§ Supplied material
*** Begin section ***
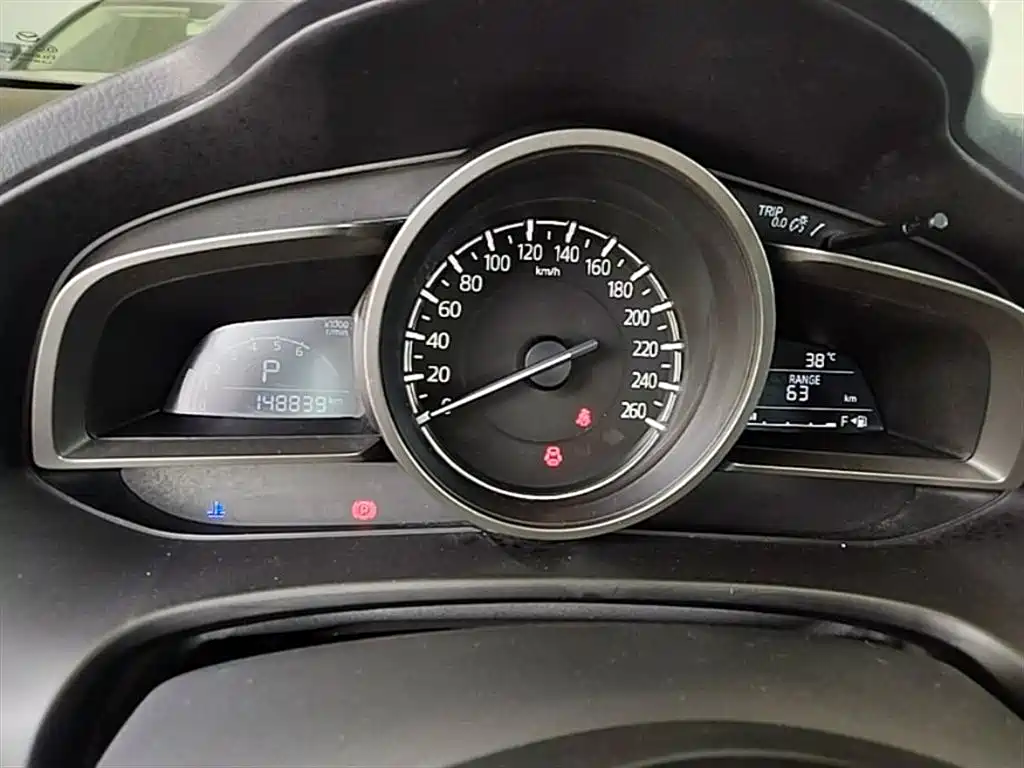 Mazda 3 Axela 2019 — фото 12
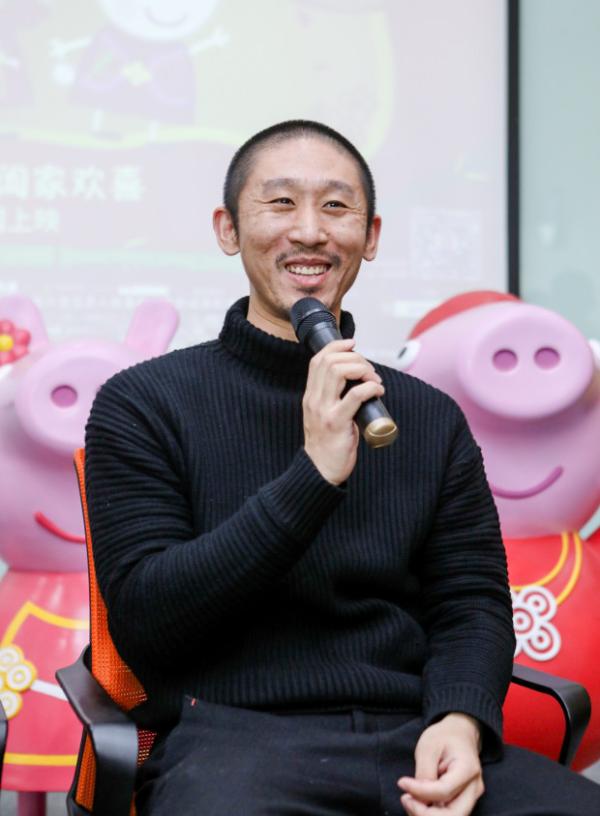 《啥是佩奇》刷屏,是溫情幽默的營銷還是對城鄉鴻溝的消費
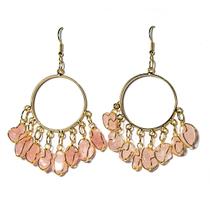 Brinco Argola com Pedra Quartzo Rosa Preso na Gaiola Dourado Brinco Argola com Pedra Quartzo Rosa Preso na Gaiola Dourado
*** End section ***
§ What the task asks
Word for word, print all of the data; skip the pictures.

§ Reply
 Mazda 3 Axela 2019 — фото 12
 《啥是佩奇》刷屏,是溫情幽默的營銷還是對城鄉鴻溝的消費
 Brinco Argola com Pedra Quartzo Rosa Preso na Gaiola Dourado Brinco Argola com Pedra Quartzo Rosa Preso na Gaiola Dourado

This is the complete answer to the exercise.